Subsidizing the Press
Information is the lifeblood of a free society, and the professional press is a crucial source of information. For many years, the positive externalities from investigative and beat reporting were cross-subsidized by robust advertising and subscription revenue. Yet the professional press is experiencing a severe economic crisis, and news organizations across the nation are on the brink of insolvency. When an activity that generates positive externalities is undersupplied, the textbook policy response is a government subsidy. Yet if the press becomes financially dependent on the government, would they be deterred from monitoring and criticizing the government? If so, the subsidy would undercut the very social benefits it is meant to preserve.
In response to this conundrum, this Article proposes a three-part analytical framework for evaluating press subsidies. The first step is to assess how effectively the subsidy safeguards press independence, including the extent to which the First Amendment helps to achieve this goal. The second criterion, which this Article calls “focus,” gauges how effectively a subsidy channels resources to externality-generating activities, as opposed to other uses. For example, a subsidy that induces press organizations to hire more reporters is superior to one that can be used, instead, to fund pay raises for the advertising staff or more attractive office space. The third criterion is political plausibility. How likely is a subsidy to attract political support? And how much political support does it need? One that can be implemented under current law, for example, requires less political support than one that depends on broad new legislation.

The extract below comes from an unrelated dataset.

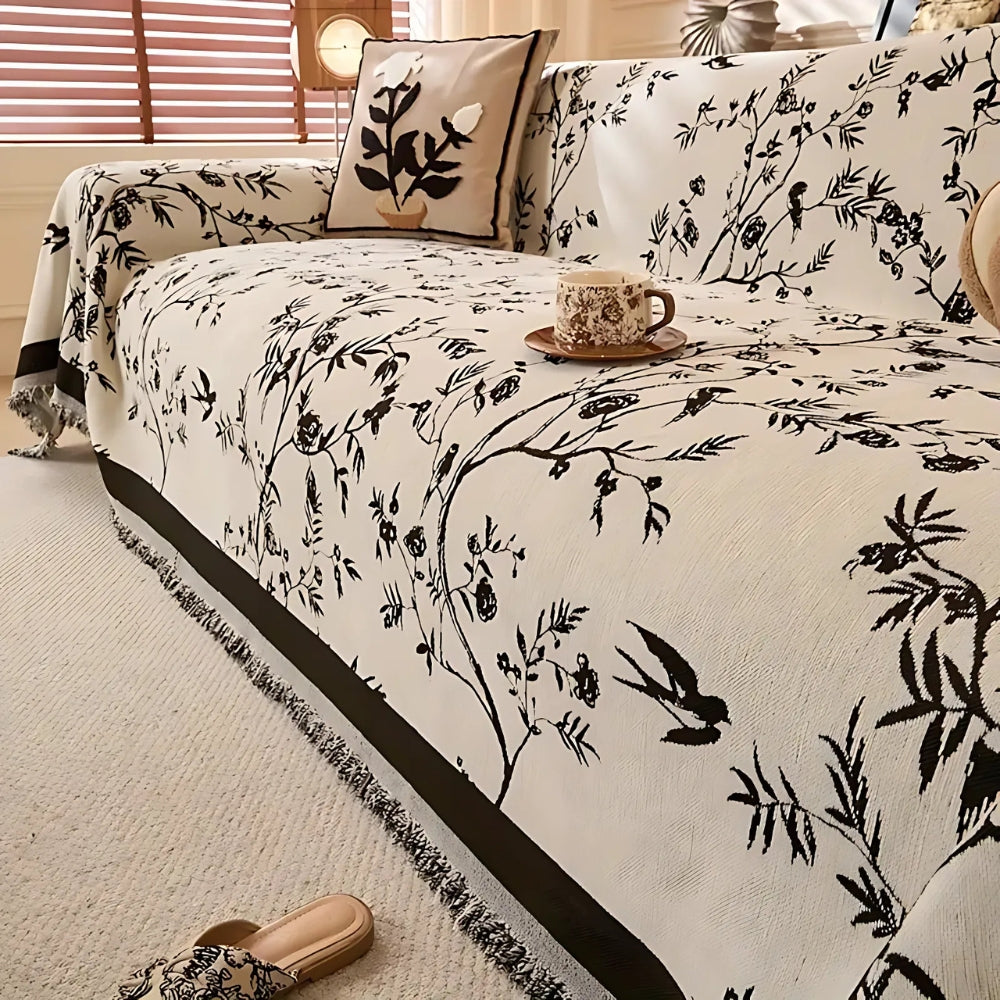 Floral Chenille Sofa Werfen | Brehn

Based on this framework, the principal recommendation of this Article is for news organizations to make greater use of the nonprofit form. By providing a subsidy through the charitable deduction, we would not empower the government to choose how much funding to allocate to each news organization. Instead, the charitable deduction allows the government to piggyback on the judgments of private donors about which charities to support. In addition, this subsidy is feasible politically since it already can be used, to a significant extent, under current law. This Article also considers four alternative subsidy structures, highlighting their strengths and weaknesses and showing the tradeoffs they present.